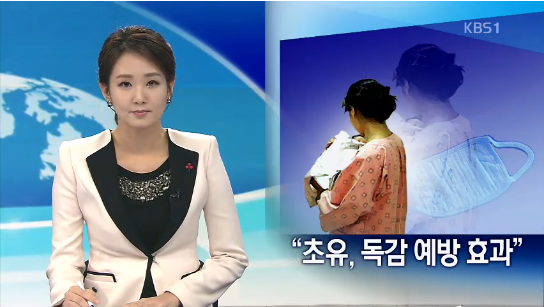 NK두피클리닉 이미지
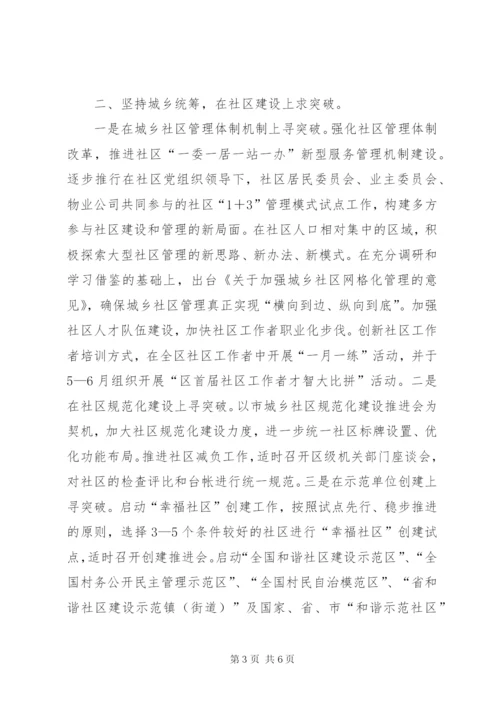 区民政局年度工作安排范文.docx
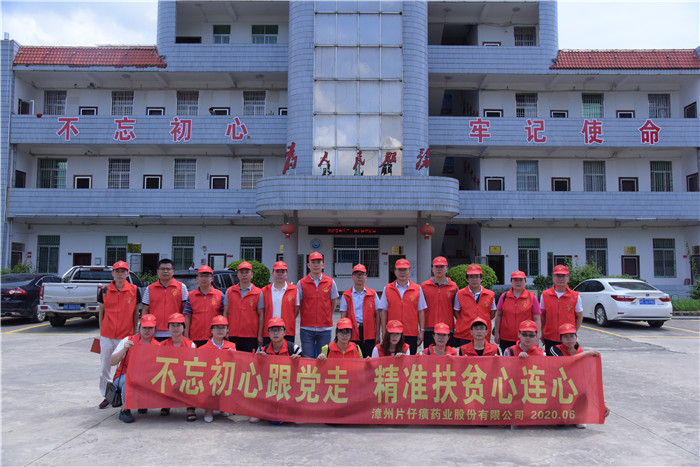 蓝月亮官方旗舰店官网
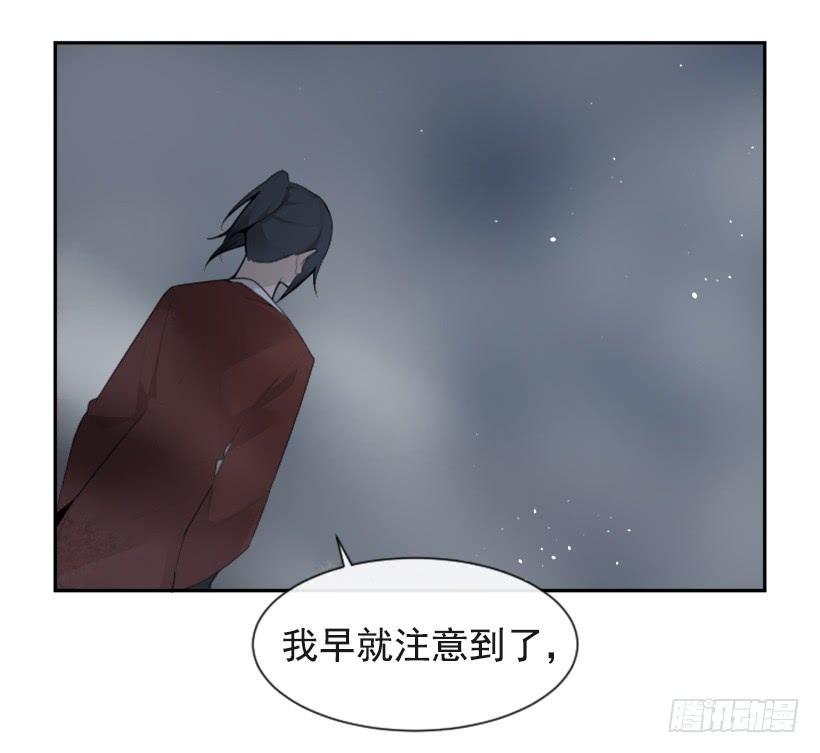 来自异世界的力量21
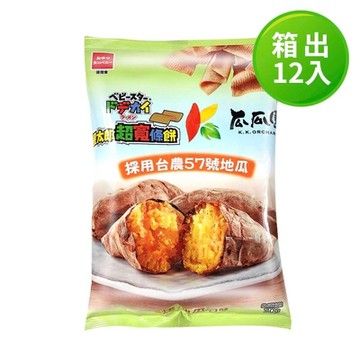 OYATSU優雅食 超寬點心-烤地瓜口味(箱出70gX12入)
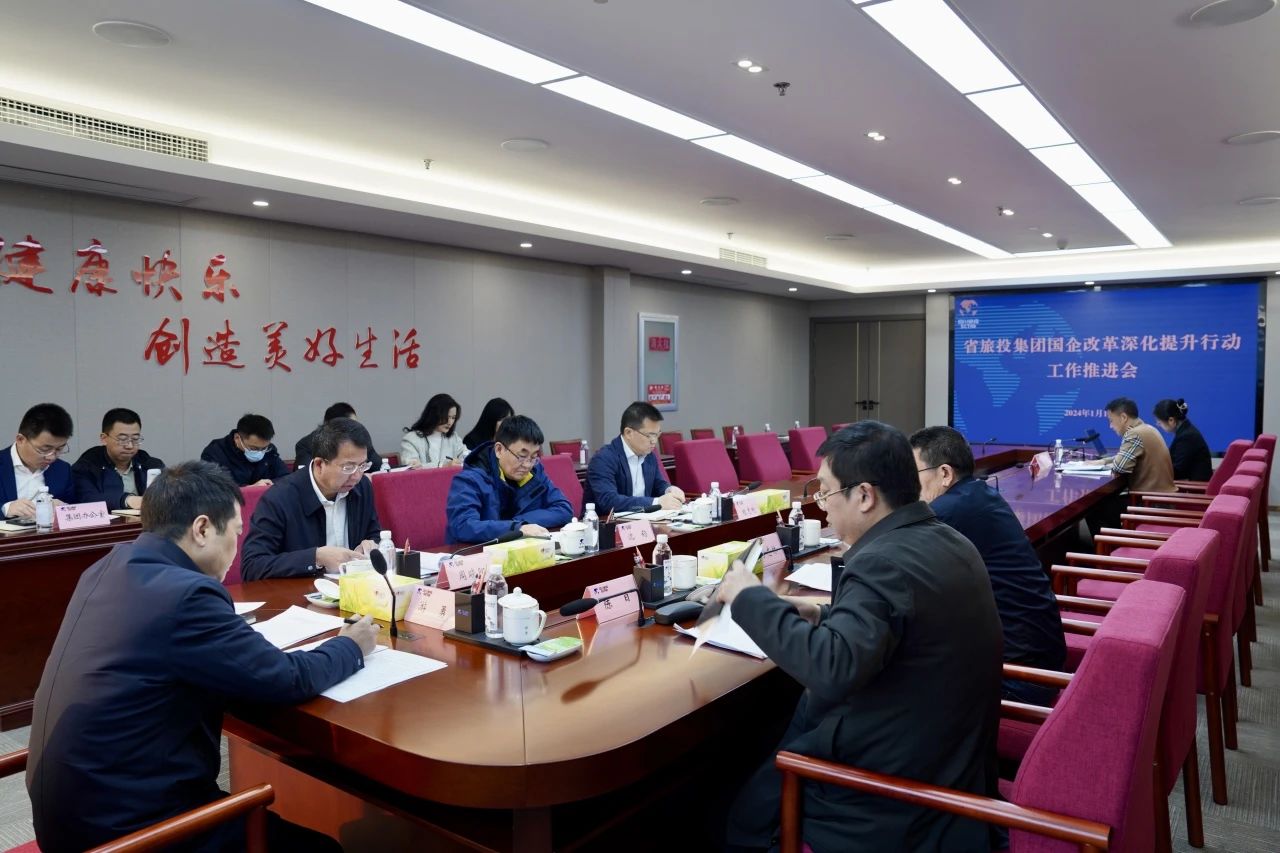 Ê¡½ñÄê»á¹ÙÍø¼¯ÍÅÕÙ¿ª¹úÆóË¢ÐÂÉÌáÉýÐж¯ÊÂÇéÍÆ½ø»á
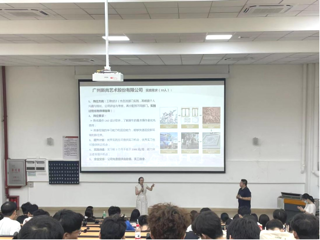 环艺、室内专业企业宣讲会：以品为源，创造卓越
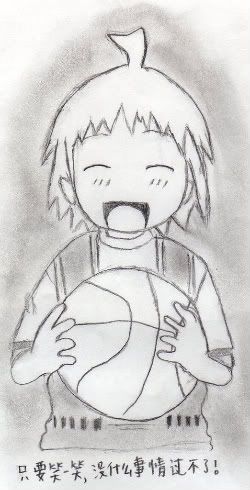 Basketball Boy by Nicolette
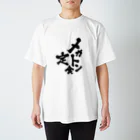 強くてニューゲームオフィシャルストアのメガトン定食のTシャツ Regular Fit T-Shirt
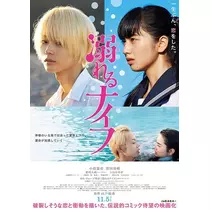 佐倉 里緒
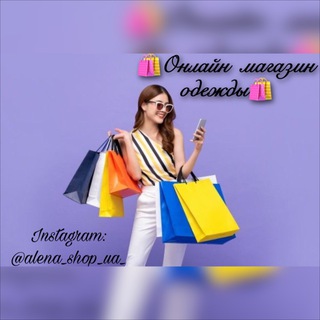 Alena_shop_ua❤️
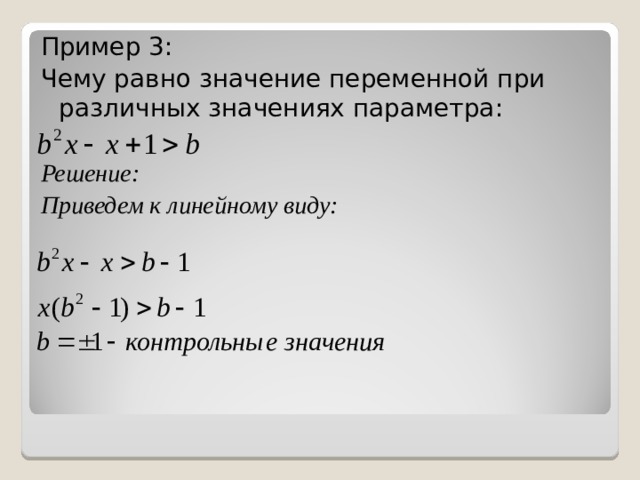 Пример 3: Чему равно значение переменной при различных значениях параметра: Решение: Приведем к линейному виду:   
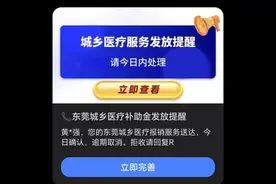 “医保卡冻结”？假的！@东莞参保人，警惕这些套路图片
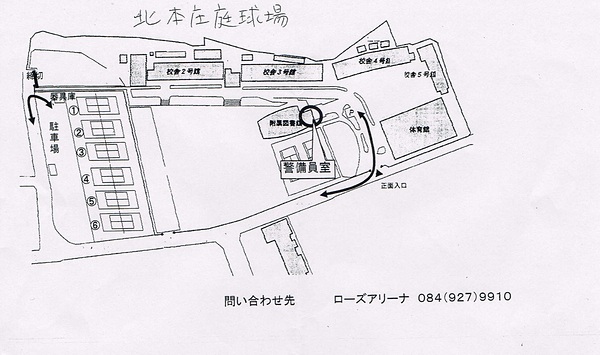 駐車場参考図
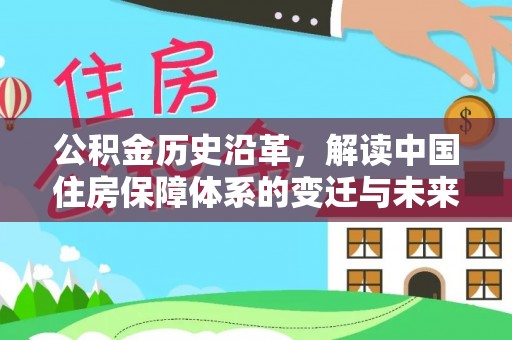 綦江公积金历史沿革，解读中国住房保障体系的变迁与未来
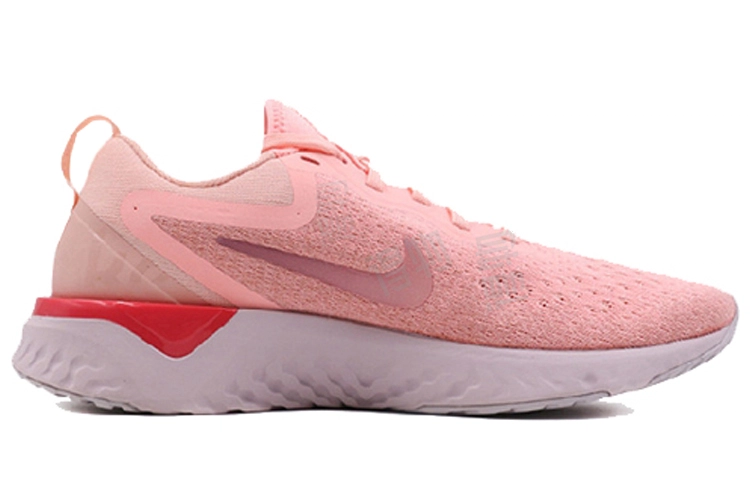 Nike Odyssey React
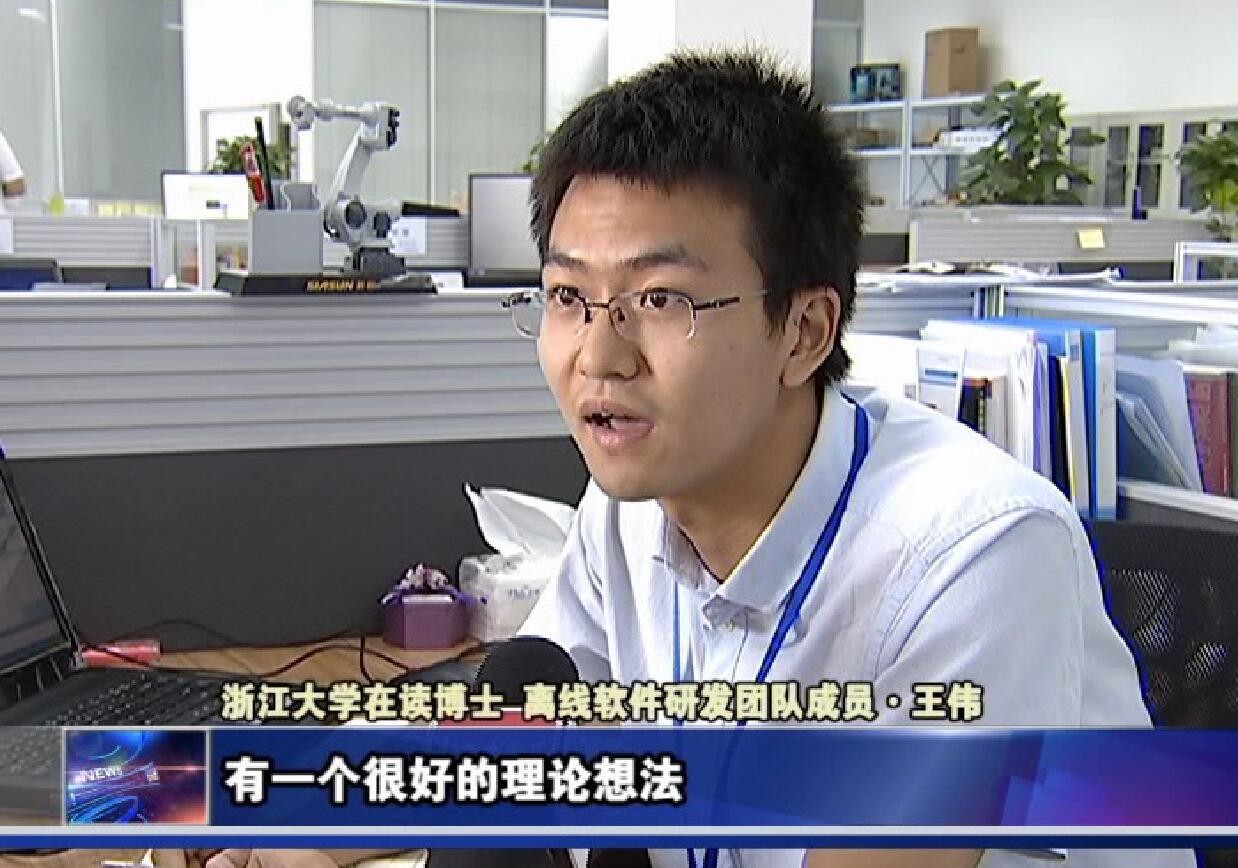 杭州迎来突破！浙江软件开发实现国外独家技术的本土化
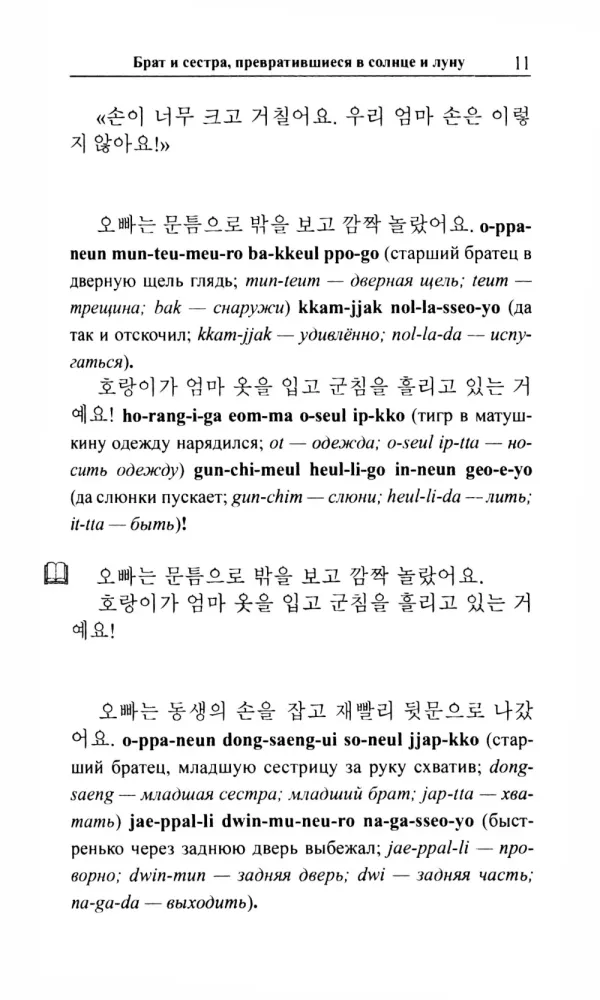 Korejiečių pasakos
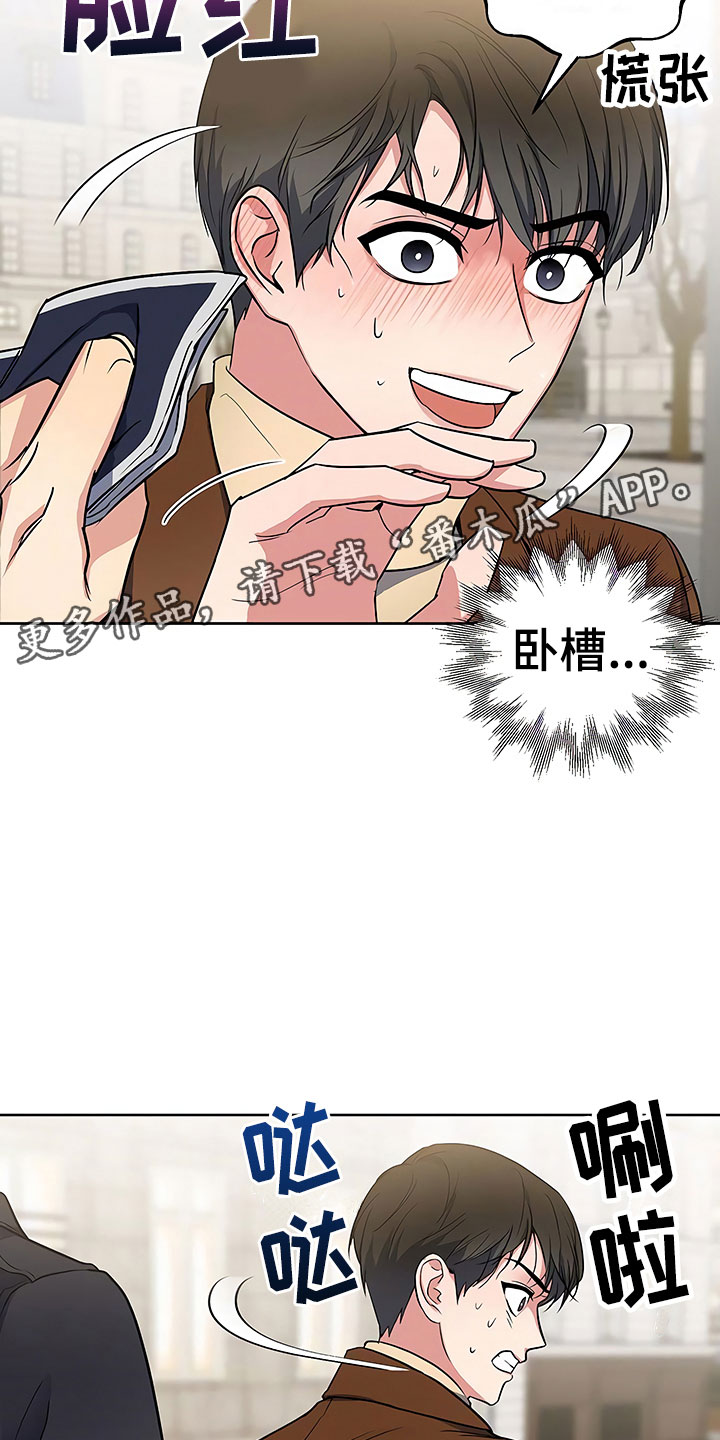 第11章：突然挑破19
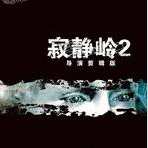記者：孔德確認與巴薩續約至2030年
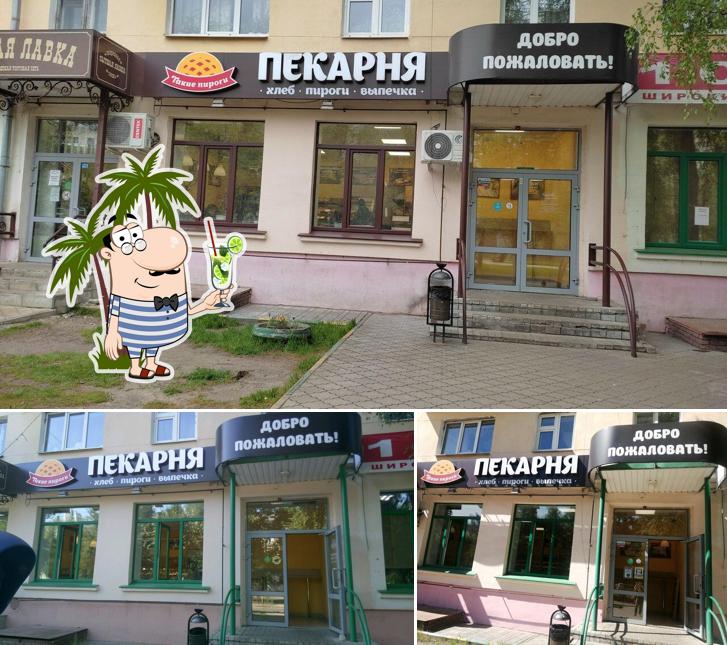 Такие пироги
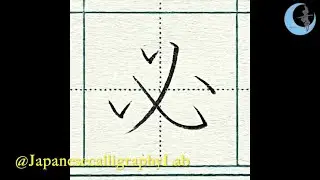 [手本: 必] How to Write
┄┄┄┄┄┄
TO DO:
Take the lines from the one containing "記者：孔德確認與巴薩續約至2030年" through the last line of the listing and repeat them exactly. Omit the pictures.

EXPECTED ANSWER:
記者：孔德確認與巴薩續約至2030年
 Такие пироги
 [手本: 必] How to Write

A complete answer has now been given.